DIRECTIONS >> Would you retype exactly the lines below, from the one containing "Fosteriana-Tulpe Flaming Purissima" through the end of the entries, both ends included, but not the pictures?

TASK DATA >>
------------------------------
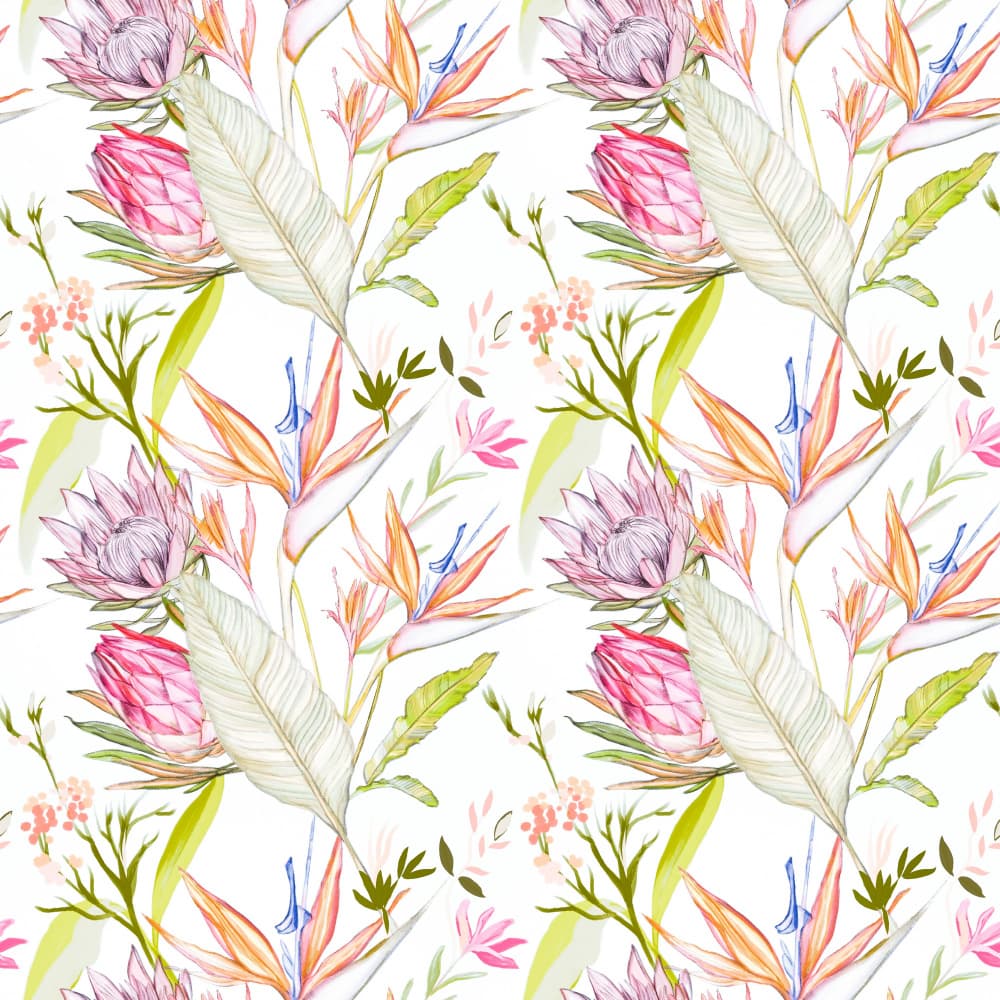Tropical Protea Blooms by Josie George — canvas wall art
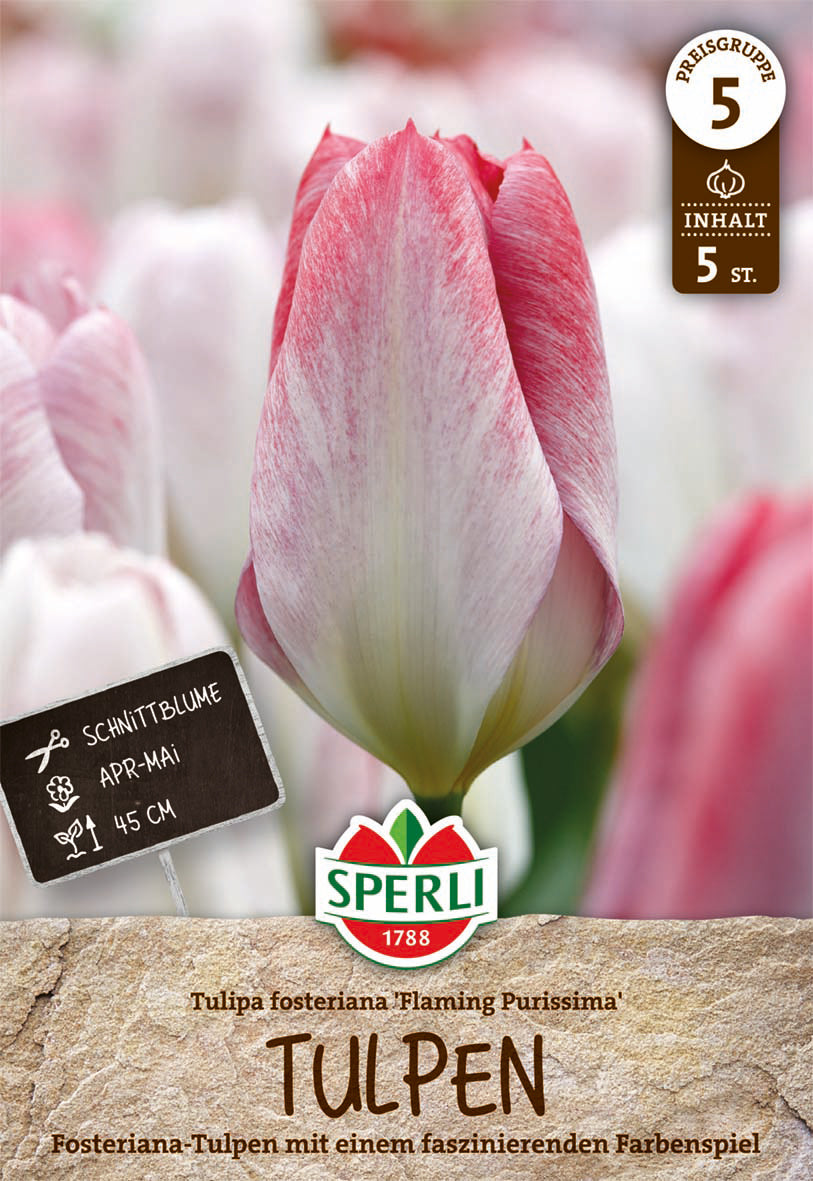  Fosteriana-Tulpe Flaming Purissima (5 Stück)
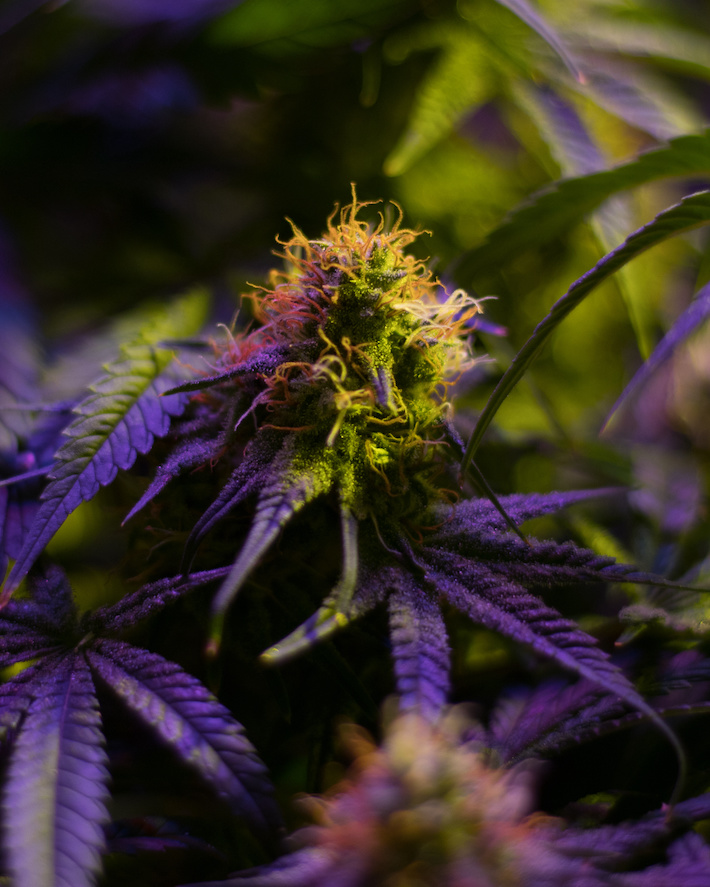 Medical marijuana legally cultivated in Arizona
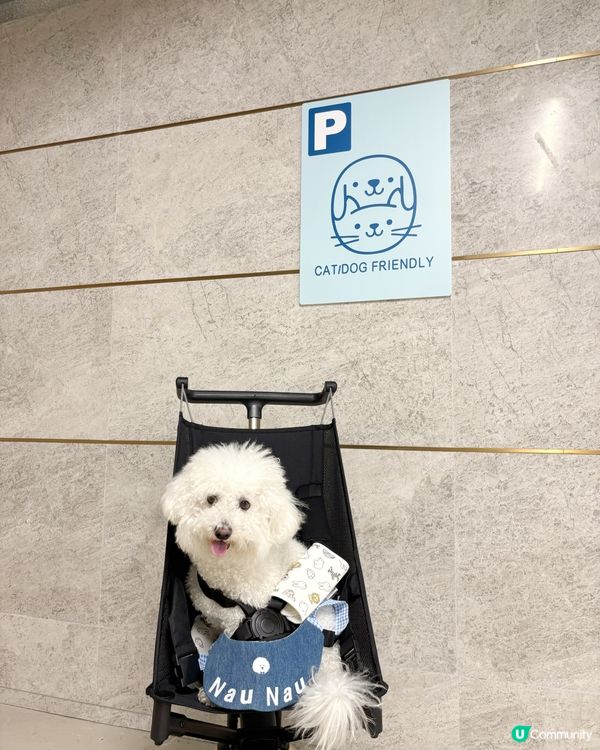 南區小狗分享post 💚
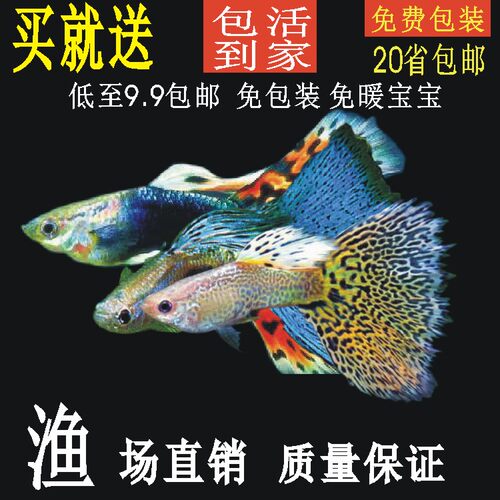 活体好养淡水小型凤尾鱼
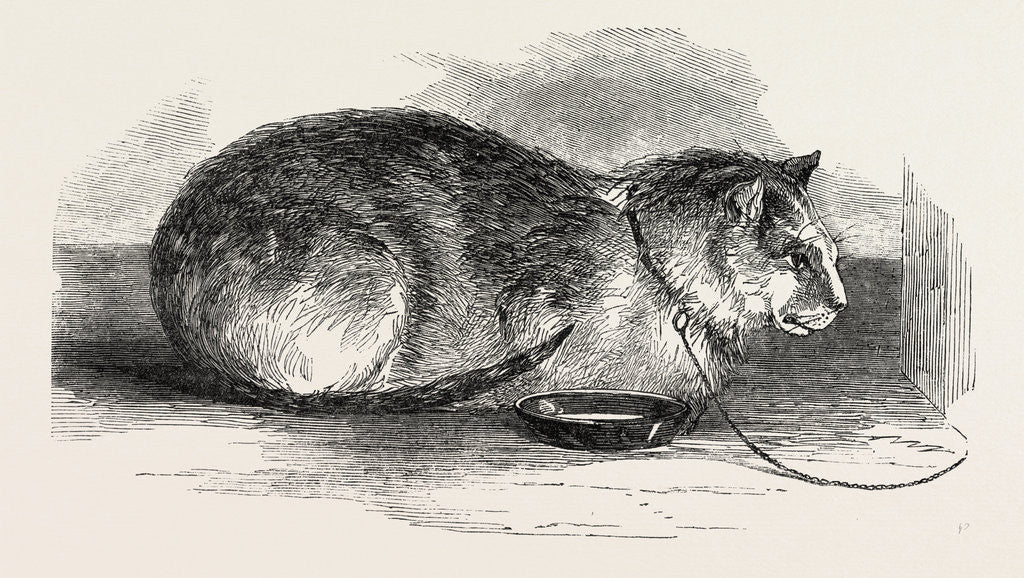 Detail of Tortoiseshell Tom Cat by Anonymous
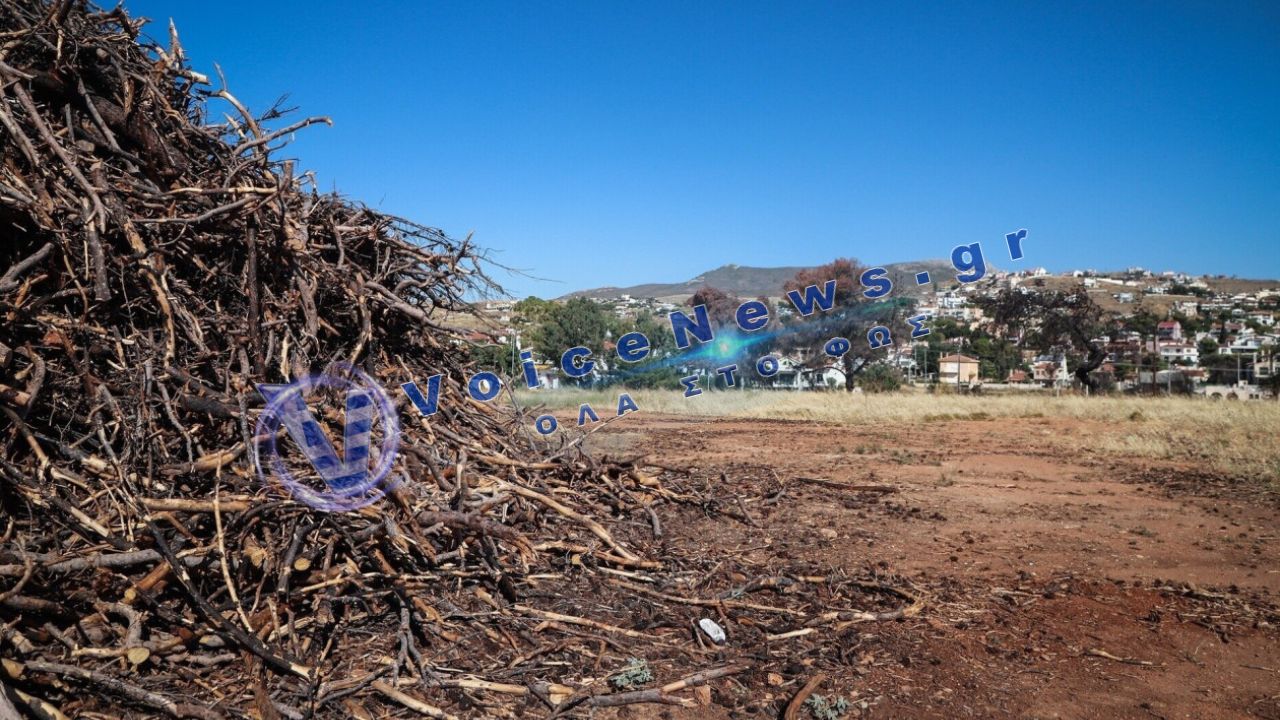 Παράταση έως 22 Ιουνίου για τον καθαρισμό οικοπέδων – τι ισχύει για τους ιδιοκτήτες
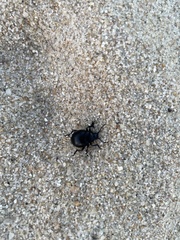 Chrysolina haemoptera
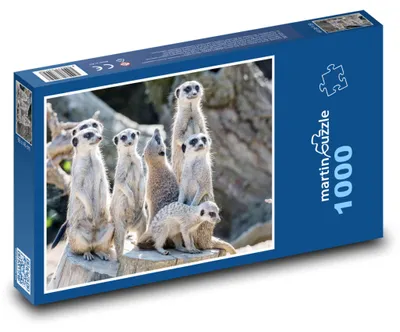 Zdjęcie produktu dla Puzzle 1000 Grupa ciekawskich surykatek - martinpuzzle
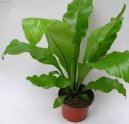 Pokojov� rostliny:  > Asplenium vlasov� (Asplenium trichomanes)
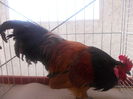 DSCN0284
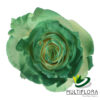 multiflora.com green edge dyed roses st.patrick day rose green 1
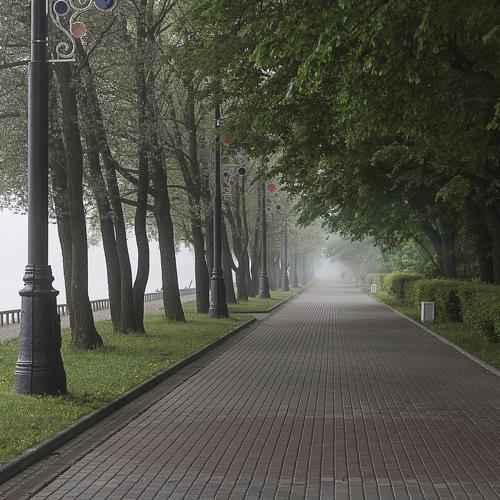 Photo #3853388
------------------------------
WRITTEN ANSWER >>
  Fosteriana-Tulpe Flaming Purissima (5 Stück)
 Medical marijuana legally cultivated in Arizona
 南區小狗分享post 💚
 活体好养淡水小型凤尾鱼
 Detail of Tortoiseshell Tom Cat by Anonymous
 Παράταση έως 22 Ιουνίου για τον καθαρισμό οικοπέδων – τι ισχύει για τους ιδιοκτήτες
 Chrysolina haemoptera
 Zdjęcie produktu dla Puzzle 1000 Grupa ciekawskich surykatek - martinpuzzle
 Pokojov� rostliny:  > Asplenium vlasov� (Asplenium trichomanes)
 DSCN0284
 multiflora.com green edge dyed roses st.patrick day rose green 1
 Photo #3853388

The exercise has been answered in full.